In the technical meetups I've been part of in NYC, I've been noticing a demographics shift from them being practically all-male (e.g. 1-2 women in a group of 120) to them starting to have a little bit of gender-diversity (10-15 women in a similar size group). This is a good thing, and I've seen it across several groups. I don't think the content of the groups themselves has changed much to allow this; the groups are racially diverse and have been for a long time (plenty of Indians and Orientals and a fair number of Blacks), but race and gender don't come up as topics either in official content or informal side-channels (and not that I mind most forms of erasure even as I notice it, but that doesn't seem to happen for any category I'm aware of).
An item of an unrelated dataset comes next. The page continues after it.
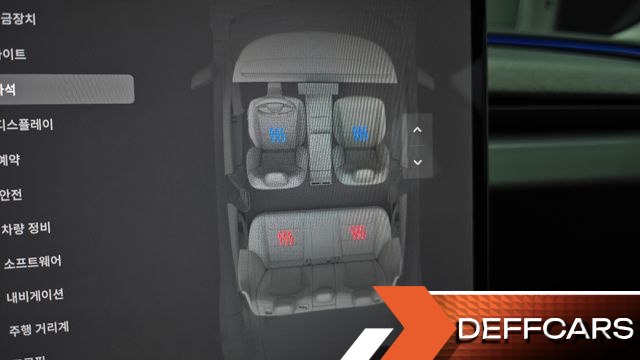 Tesla MODEL 3 RWD купить на сайте DeffCars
I wonder then why we're seeing this demographics shift, and if we can expect it to shift further. I've heard that Etsy has made particular efforts to bring gender-diversity to its workplace, and while I don't approve of everything it's done (they have a highly obnoxious policy of "you must apologise if someone says they're offended by anything you do", apparently), there's much to be liked in other of their methods and certainly in the result. Maybe other companies are doing the same, perhaps the college-gender-gap's echoes (reportedly women are going into college at higher rates than men and achieving more, nowadays) are making their way into workplaces, perhaps the healthy (and unhealthy) ideas from the various flavours of feminism are having an effect, and perhaps the generational gaps are just smoothly dumping people with past inculturations out of the relevant workplaces and eventually into the grave.
One of the things I like, having briefly chatted with some of the leadership of these groups, is that it's happening without any Tim-Wise-style bullshit. People are just showing up (and hopefully staying) without the need for people to babble about power and privilege. On the rare occasion that people have literally objected to women being in the communities, they've been yelled at, but otherwise it's been a nice, smooth, quiet transition without obnoxious third-wave theory. I'm hoping we keep it that way. This is the kind of feminism that IMO should've won.
It'll be interesting to see if the trend continues, and how.